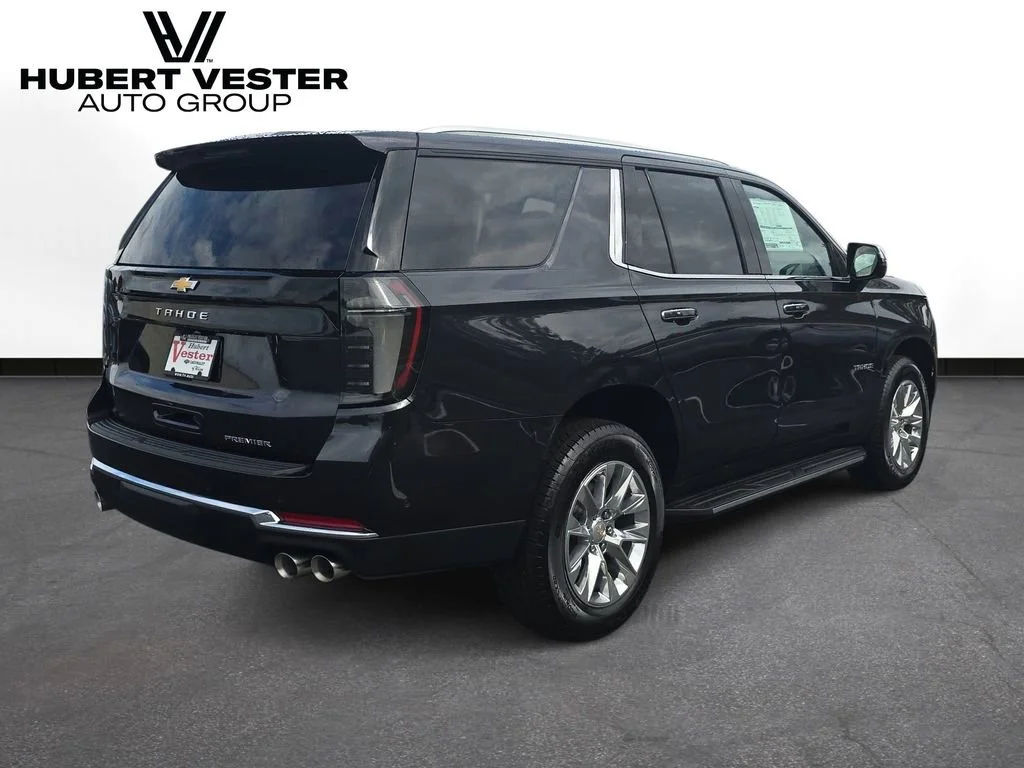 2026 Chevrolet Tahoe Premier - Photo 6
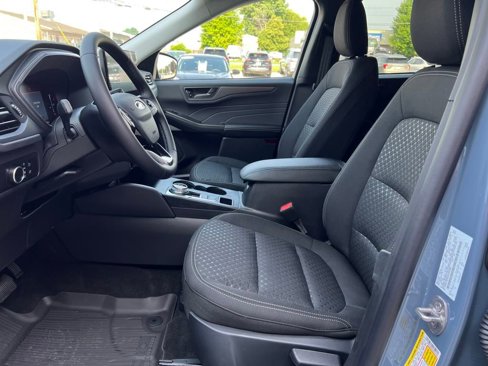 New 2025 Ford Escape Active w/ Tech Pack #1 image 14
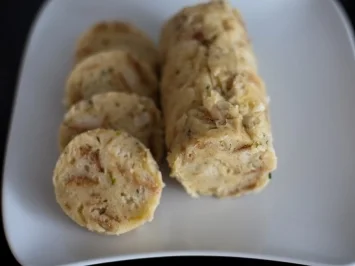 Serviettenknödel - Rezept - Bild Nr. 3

▸ **Work instruction**
Print every line of the material above exactly as it reads, skipping the pictures.

▸ **Response**
 2026 Chevrolet Tahoe Premier - Photo 6
 New 2025 Ford Escape Active w/ Tech Pack #1 image 14
 Serviettenknödel - Rezept - Bild Nr. 3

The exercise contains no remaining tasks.